Pero, por muy obvio y reduccionista que se sea, hemos de admitir que los autos son violentos y,
sin reflexionar demasiado, podríamos decir que son vehículos de muerte. Pensemos en una
tonelada de metal y otras durezas moviéndose a, digamos, la velocidad promedio del tráfico de
Culiacán, o sea unos 60 km/h. Sin duda que trataríamos de poner la mayor distancia posible con
un fulano con pistola en mano, pero cada que nos enfrentamos a la calle, vemos venir hacia
nosotros semejante masa metálica a semejante velocidad, y en un irracional acto de confianza
decidimos que estaremos bien. Si alguien buscara deliberadamente a la muerte, sería fácilmente
encontrable en la calle. No hay modo más expedito y asequible de morir que ponerse enfrente de
un coche en movimiento y dejar que las leyes de la física hagan lo suyo.

¿Qué tan necesario es para nosotros normalizar el peligro de los autos? Un gato me enseñó que la
calle es el peligro normalizado. Lo llevaba con el veterinario, cuando estuvimos en plena avenida,
estaba paralizado de terror, las pupilas totalmente dilatadas, el cuerpo trepidando y produciendo
un sonido que era como salido de un animal totalmente diferente. Esa reacción me hizo intentar
calmarlo, pero poco a poco más bien yo empecé a experimentar cierta angustia. Llegó un
momento en que el miedo de mi gato me pareció la cosa más congruente del mundo, que era lo
correcto ante la evidente fealdad de la calle, lo prosaico de todos los sonidos, el olor y, lo que
parecía más inquietante: la normalidad de la gente ante la aborrecible figura de los autos.

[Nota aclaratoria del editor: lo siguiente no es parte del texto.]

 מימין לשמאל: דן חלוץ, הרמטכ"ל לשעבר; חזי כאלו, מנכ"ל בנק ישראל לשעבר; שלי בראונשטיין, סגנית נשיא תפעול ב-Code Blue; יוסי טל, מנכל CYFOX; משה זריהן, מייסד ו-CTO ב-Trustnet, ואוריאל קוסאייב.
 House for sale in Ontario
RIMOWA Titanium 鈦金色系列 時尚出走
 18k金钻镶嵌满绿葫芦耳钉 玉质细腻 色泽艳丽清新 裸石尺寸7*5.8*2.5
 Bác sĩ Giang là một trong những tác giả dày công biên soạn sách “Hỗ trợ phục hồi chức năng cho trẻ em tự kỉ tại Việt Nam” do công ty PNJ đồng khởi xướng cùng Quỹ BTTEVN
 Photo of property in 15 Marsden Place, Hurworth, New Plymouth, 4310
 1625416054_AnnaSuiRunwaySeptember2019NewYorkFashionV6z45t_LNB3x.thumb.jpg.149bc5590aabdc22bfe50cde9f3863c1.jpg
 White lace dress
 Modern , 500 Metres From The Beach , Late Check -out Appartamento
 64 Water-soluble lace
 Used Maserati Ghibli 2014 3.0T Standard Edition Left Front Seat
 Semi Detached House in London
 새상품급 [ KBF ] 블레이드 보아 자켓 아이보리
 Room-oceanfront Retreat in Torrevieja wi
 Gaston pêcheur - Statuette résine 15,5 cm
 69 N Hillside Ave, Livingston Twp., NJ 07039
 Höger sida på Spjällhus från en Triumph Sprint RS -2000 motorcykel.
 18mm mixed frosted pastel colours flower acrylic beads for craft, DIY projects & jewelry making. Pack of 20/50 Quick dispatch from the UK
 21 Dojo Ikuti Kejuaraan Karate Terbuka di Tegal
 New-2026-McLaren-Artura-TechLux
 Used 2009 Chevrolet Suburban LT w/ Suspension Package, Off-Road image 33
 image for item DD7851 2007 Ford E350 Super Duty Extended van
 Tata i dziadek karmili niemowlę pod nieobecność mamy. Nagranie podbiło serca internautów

Tal vez la empatía con un gato sea hasta cierto punto aborrecible, pero en el momento en que
sucedió parecía una manifestación de extrema lucidez, una recuperación de lo racional. ¿Qué es
peor, lo peligroso o lo feo? Lo feo nos puede matar, aunque sea en un sentido figurado; y así como
ya no distinguimos las cosas feas, parece que ya no distinguimos las cosas peligrosas. Se puede
argumentar que la normalización de lo peligroso comienza por enfrentar a lo peligroso, por
encarar los miedos y superarlos, y eso es lo que nos hace virtuosos como seres humanos, nos hace
superiores. Mi argumentación puede calificarse de medrosa, pero no es irracional, es sólo una
visión de “peatón”, de alguien que no tiene auto. El que supera sus miedos es valiente, triunfa,
vence y vence a los demás, los somete, anda en coche. El peatón es el vencido, el sometido, es
inferior. Necesita ser inferior porque su inferioridad le da sentido a la superioridad del auto. Es una
dialéctica que no puede romperse, lo único que podemos hacer es, de vez en cuando, entrar en el
tráfico indetenible, y tener suerte de poder salir de él en el momento adecuado, o antes de que
sea demasiado tarde. Me equivoqué, la calle no es un reflejo de la sociedad, la calle es la sociedad.